The world is full of people who make Sikhism and turbans famous. Deputy Sandeep Singh Dhaliwal, the first Sikh deputy in Harris County, who was assassinated while doing his duty, was known for his humanitarian contributions to Texas. He was a unifying figure in the Houston area and even the non-Sikh population mourned his death and came forward to support his family. Recently, we all saw how top leaders of the world adorned the turban as part of the 550th Parkash Purab celebrations of Sri Guru Nanak Dev Ji.
Yet, the people in Europe continue to play their ignorance card when it comes to Sikhs and disrespect the turban. Western culture hasn’t accepted our turban, more because of their racist attitude, and less because of the fear element. I have been raising my voice against such incidents for the last few years. In 2016 as well, I wrote a letter to the US ambassador regarding an incident of disrespect of the turban and a Sikh boy at a US airport. In the same year, Sikh American actor and model Waris Ahluwalia was barred from a flight for refusing to remove his turban.
The turban is a part of the Sikh identity and asking any Sikh to remove it is racial prejudice. Such incidents are happening a lot these days and it is not at all because of ignorance. First-world countries enjoy looking down on us because of our turban. Let me share with everyone why Sikhs wear a turban: it is a blessing of Sri Guru Gobind Singh Ji, who wanted to promote equality in an era when only nobility wore turbans.
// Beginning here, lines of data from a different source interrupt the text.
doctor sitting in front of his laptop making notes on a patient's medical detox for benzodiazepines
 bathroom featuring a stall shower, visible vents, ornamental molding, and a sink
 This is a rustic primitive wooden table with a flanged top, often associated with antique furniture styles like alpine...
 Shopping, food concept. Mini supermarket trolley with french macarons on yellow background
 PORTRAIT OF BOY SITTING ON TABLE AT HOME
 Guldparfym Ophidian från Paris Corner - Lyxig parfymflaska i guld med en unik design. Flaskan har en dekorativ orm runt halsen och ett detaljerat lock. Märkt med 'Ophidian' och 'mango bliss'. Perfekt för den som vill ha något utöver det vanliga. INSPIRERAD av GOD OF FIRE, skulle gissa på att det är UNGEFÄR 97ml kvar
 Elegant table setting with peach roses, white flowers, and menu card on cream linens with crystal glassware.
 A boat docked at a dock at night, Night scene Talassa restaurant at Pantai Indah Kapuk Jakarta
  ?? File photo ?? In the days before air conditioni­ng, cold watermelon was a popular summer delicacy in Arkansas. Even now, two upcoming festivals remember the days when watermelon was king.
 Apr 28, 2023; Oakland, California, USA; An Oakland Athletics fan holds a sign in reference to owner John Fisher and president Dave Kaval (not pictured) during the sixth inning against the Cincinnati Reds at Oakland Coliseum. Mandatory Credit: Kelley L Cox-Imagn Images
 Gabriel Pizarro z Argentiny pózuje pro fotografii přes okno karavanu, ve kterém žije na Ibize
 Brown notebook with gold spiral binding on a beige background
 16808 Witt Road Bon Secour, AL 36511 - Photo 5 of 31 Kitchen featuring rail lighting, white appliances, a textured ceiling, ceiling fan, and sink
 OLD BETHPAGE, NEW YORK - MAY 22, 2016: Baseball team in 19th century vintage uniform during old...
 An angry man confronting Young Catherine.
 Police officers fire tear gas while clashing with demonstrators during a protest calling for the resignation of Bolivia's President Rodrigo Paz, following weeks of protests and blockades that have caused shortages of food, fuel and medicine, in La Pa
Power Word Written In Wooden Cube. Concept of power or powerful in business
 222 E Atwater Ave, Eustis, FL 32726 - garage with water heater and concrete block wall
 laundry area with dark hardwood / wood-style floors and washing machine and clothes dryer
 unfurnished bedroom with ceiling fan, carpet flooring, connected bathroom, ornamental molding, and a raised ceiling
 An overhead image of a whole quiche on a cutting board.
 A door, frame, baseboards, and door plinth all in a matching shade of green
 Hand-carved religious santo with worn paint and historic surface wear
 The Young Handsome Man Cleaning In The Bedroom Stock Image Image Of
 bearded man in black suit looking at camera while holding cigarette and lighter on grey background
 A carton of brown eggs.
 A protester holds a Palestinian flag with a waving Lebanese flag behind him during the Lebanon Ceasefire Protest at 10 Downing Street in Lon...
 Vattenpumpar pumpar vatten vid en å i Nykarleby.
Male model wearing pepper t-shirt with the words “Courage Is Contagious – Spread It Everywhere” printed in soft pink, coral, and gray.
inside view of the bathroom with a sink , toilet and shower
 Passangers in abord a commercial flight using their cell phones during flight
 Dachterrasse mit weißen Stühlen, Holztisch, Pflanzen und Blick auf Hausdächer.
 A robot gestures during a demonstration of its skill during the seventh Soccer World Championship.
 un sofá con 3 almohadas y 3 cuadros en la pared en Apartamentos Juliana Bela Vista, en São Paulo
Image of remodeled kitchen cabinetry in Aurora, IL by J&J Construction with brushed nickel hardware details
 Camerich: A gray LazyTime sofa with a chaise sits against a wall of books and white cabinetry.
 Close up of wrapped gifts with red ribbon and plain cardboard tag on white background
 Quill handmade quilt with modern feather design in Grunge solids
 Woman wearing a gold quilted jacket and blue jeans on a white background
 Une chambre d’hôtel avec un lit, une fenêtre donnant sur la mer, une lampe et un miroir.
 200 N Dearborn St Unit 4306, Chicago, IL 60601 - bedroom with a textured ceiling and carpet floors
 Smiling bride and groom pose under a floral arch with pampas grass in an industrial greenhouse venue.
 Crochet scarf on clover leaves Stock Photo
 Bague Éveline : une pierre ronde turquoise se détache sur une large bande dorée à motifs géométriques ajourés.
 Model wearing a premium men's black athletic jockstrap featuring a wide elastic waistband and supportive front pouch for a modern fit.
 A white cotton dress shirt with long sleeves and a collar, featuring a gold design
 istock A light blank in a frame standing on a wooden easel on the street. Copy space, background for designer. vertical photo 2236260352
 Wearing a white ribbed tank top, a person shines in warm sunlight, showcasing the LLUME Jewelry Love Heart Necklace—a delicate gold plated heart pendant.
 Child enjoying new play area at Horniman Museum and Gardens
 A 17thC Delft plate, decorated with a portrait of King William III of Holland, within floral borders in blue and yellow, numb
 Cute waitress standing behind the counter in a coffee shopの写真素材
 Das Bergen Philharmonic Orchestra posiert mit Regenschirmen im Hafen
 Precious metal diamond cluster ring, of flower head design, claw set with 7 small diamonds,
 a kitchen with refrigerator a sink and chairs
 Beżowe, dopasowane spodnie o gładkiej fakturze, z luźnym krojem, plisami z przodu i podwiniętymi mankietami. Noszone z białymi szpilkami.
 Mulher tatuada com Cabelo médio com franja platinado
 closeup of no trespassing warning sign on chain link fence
So he asked his Khalsa warriors to wear turbans to reflect the fact that a Khalsa (Sikh) believes in equality and respect.
As a devout Sikh, I value my turban more than my life; quoting a famous Shabad “Sir Jaave Ta Jaave Mera Sikhi Sidak Na Jave,” which means that “I am willing to sacrifice my head; but I must not lose my Sikh way of life.” The turban is a way of life for Sikhs and I would be happy to be part of a world that accepts my turban, respects it, and reflects on the emotional commitment of Sikhs’ attire.